Create a rough sketch of a typical plot of square bias, training error rate, testing error rate, and Bayes error rate vs the flexibility of the model.

The Bayes error is fixed at a particular level when you select \(Y\) and \(X\) so it is flat. The bias monotonically decreases as bias is due to assumptions about models. These assumptions are peeled away as flexibility increases. Testing error decreases at first as some bias is removed but then increases as the variance of the model goes up. The training error only decreases as models become more tuned to the data set used to create them.

4

Think of some real life situations to use prediction, inference, and cluster analysis. a. Prediction i. Guessing which patients will need postoperative blood transfusions. ii. Predicting which candidates will be effective after hiring. iii. Trying to screen spam email. b. Inference i. Estimating the association between preoperative anemia and need for postoperative blood transfusions. ii. Determining which factors are highly predictive of effective employees. iii. Finding the important characteristics of a spam email. c. Clustering i. Looking for phenotypes of anemic patients ii. Categorizing employees at a large organization iii. Clustering types of scams.

5

Cases in which you might want a less flexible method include: * When inference is the goal * When the observed relationship between predictors and responses is relatively simple * When the number of predictors is relatively few or the number of observations is small Cases when we might want a more flexible approach: * When the relationship between predictors and response is highly complex/nonlinear * When the number of observations is large * When the goal is not inference

6

Parametric approaches assume some form of the predictor-response relationship that relies on one or more parameters. The training set is then used to estimate those parameters and predictions are made from the estimated function. Non-parametric approaches do not make such assumptions about the predictor/response relationship. Parametric methods are generally preferred when inference is the goal because it is easier to make quantitative (or even qualitative) statements about the predictor-response relationship.
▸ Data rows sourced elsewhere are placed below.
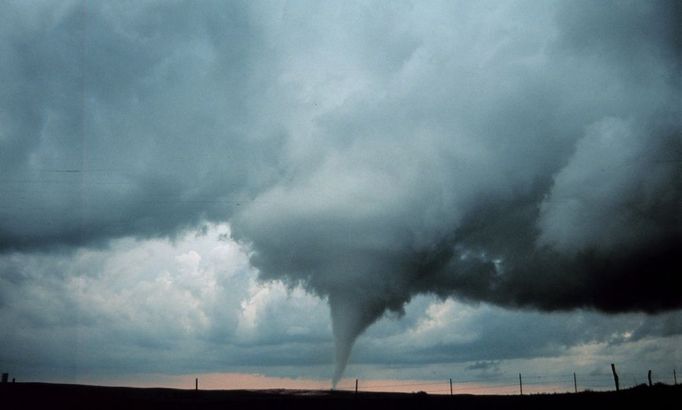 Project Vortex-99. Occluded mesocyclone tornado. Occluded means old circulation on a storm; this tornado was forming while the new circulation was beginning to form the tornadoes which preceeded the F5 Oklahoma City tornado. Photo #2 of sequence. Oklahoma 8 miles south of Anadarko. May 3, 1999. Credit: OAR/ERL/National Severe Storms Laboratory (NSSL).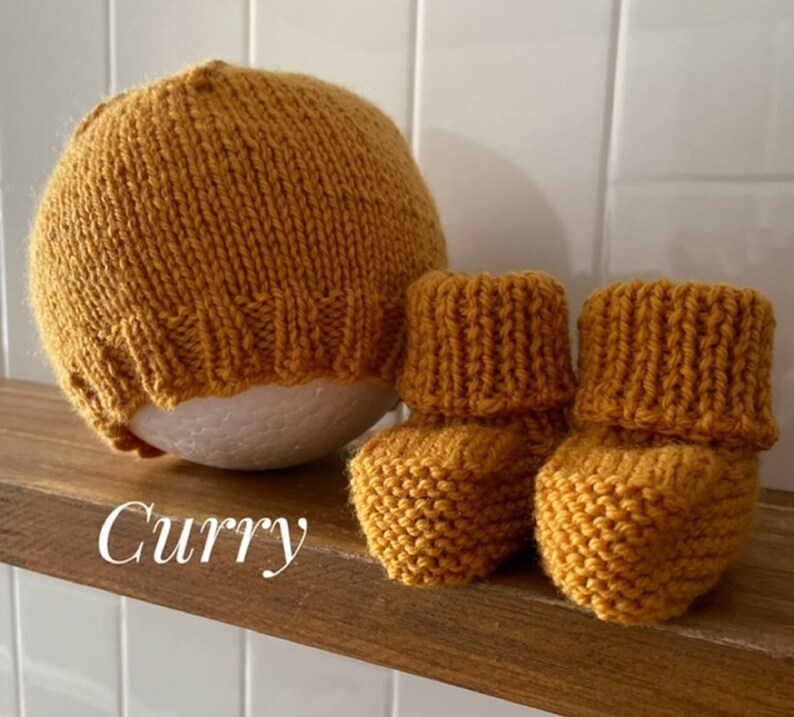 May include: Mustard yellow knitted baby hat and booties set. The hat is round and the booties have a folded cuff. The word "Curry" is written in cursive on the wooden shelf. The set is made of a soft, textured yarn.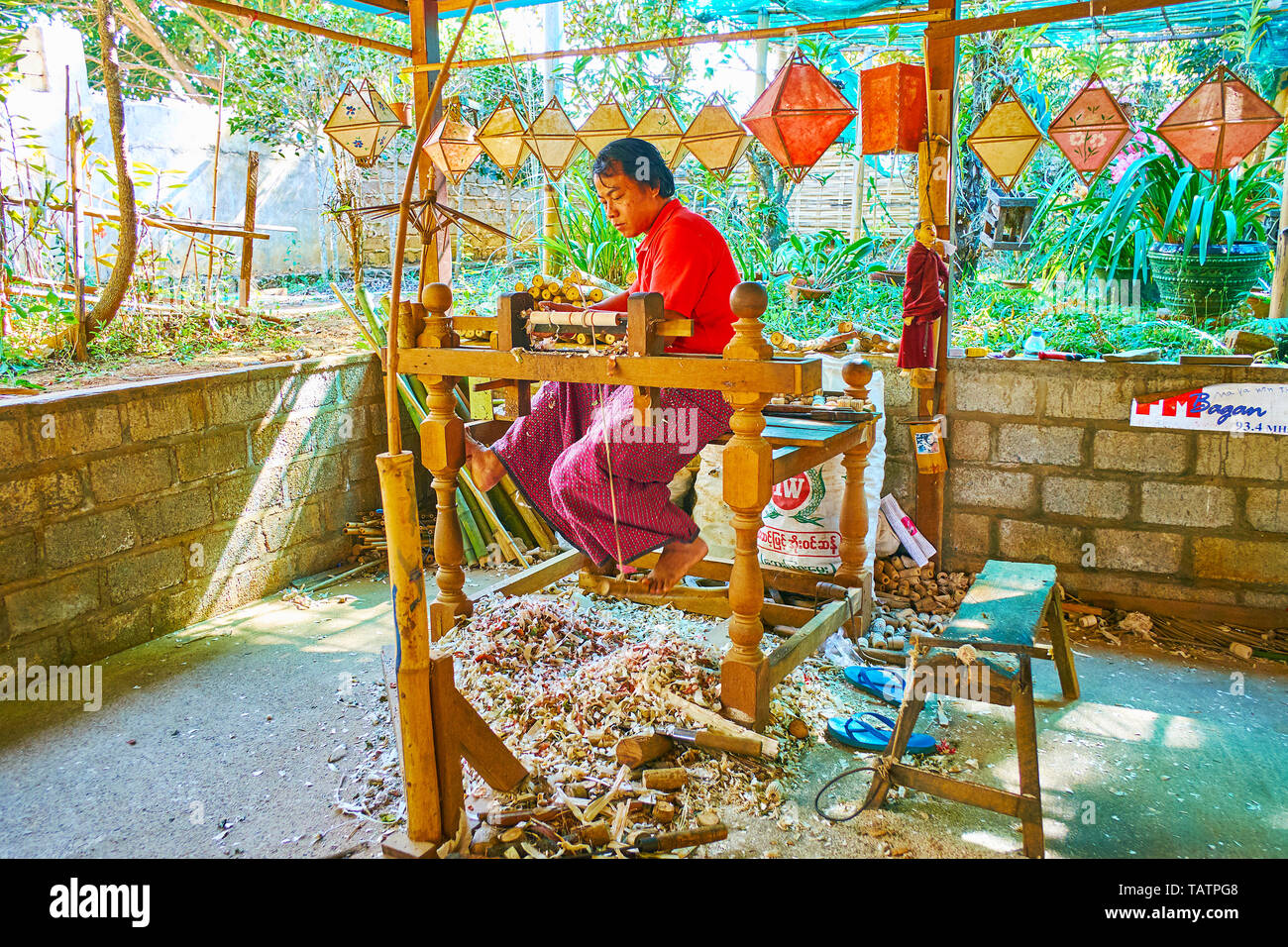 PINDAYA, MYANMAR - 19 febbraio 2018: Il falegname produce le maniglie di bambù per carta ombrelloni, utilizzando azionato a pedale per tornitura in legno tornio in tradit Foto Stock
These methods tend to be inflexible and when relationships are complex, non-parametric may be preferred.

7

Consider using KNN for a point \(X_1 = X_2 = X_3 = 0\) using the training set below:

X1	X2	X3	Y
0	3	0	red
2	0	0	red
0	1	3	red
0	1	2	green
-1	0	1	green
1	1	1	red

a. Compute the Euclidean distance from the test point to each point:

X1	X2	X3	Y	dist
0	3	0	red	3.000000
2	0	0	red	2.000000
0	1	3	red	3.162278
0	1	2	green	2.236068
-1	0	1	green	1.414214
1	1	1	red	1.732051

b. What are the classifications for $K=1$ and $K=3$?
For each of these we need to compute $P(Y = green)$. For $K=1$, it's 1 because the closest value is green so we classify it as green. For $K=3$, two of the three closest values a red so $P(Y = green) = \frac{1}{3}$ and we assign red.
d. If the Bayes decision boundary for this kind of problem is highly non-linear, then the categories may be clumped in some less clear ways. As a result, we could end up with islands of one category that are far from the rest of their group. As a result, smaller values of $K$ may be preferred.